The search for economically and ecologically feasible sustainable extraction technique for various valuable compounds present in natural materials, often requires optimization of extraction parameters. By varying such parameters as solvent type, solvent polarity, temperature, pressure, particle size and packing density of columns, and extraction time it is possible to achieve optimized yields of target compounds or to tune the selectivity towards special compound classes, observing the requirements of low chemical and energy consumption at the same time.

The ALICE core facility offers optimization of extraction conditions for specific compounds or extractive classes in plant material by means of accelerated solvent extraction (ASE), using the most efficient and flexible Dionex™ ASE™ 350 instrument. A broad variety of solvents applicable in ASE together with possibility to perform extraction under pressure (at elevated temperatures higher than the normal-pressure boiling point of the solvent), allow to reduce solvent viscosity, enhance the permeability of the solid matrix and finally achieve maximum extraction yield. By programmable condition lists, extractions can be optimized with regard to the relevant parameters in a fully automatted way.
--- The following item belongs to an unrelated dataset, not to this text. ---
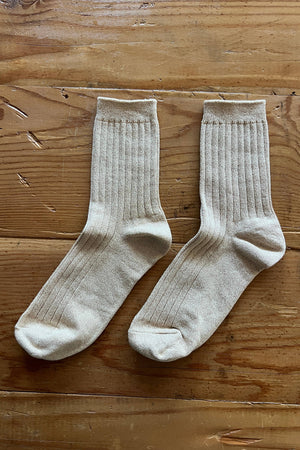 Her Socks - Modal Lurex | Ivory Gold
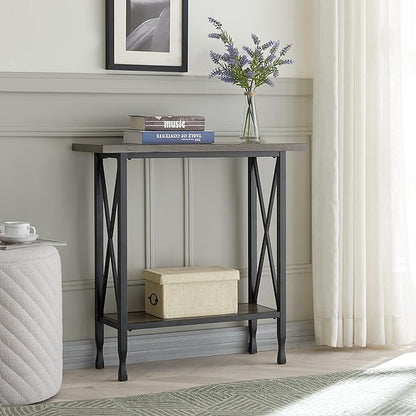 Leick Home 23005 Chisel & Forge Narrow Recliner Side Table with Shelf, Gray/Matte Black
Once the most suitable solvent or solvent mixture – as the most important factor – has been established, five important parameters can be further optimized: temperature, static time, purge-time, rinse volume and number of cycles. Sequential extractions can be selected to extract each of a series of samples under a different set of conditions and collect them in separate collection vessels. Samples can also be extracted multiple times to determine extraction completeness. In this way, the optimized extraction conditions for a particular analyte and matrix can be quickly and easily determined.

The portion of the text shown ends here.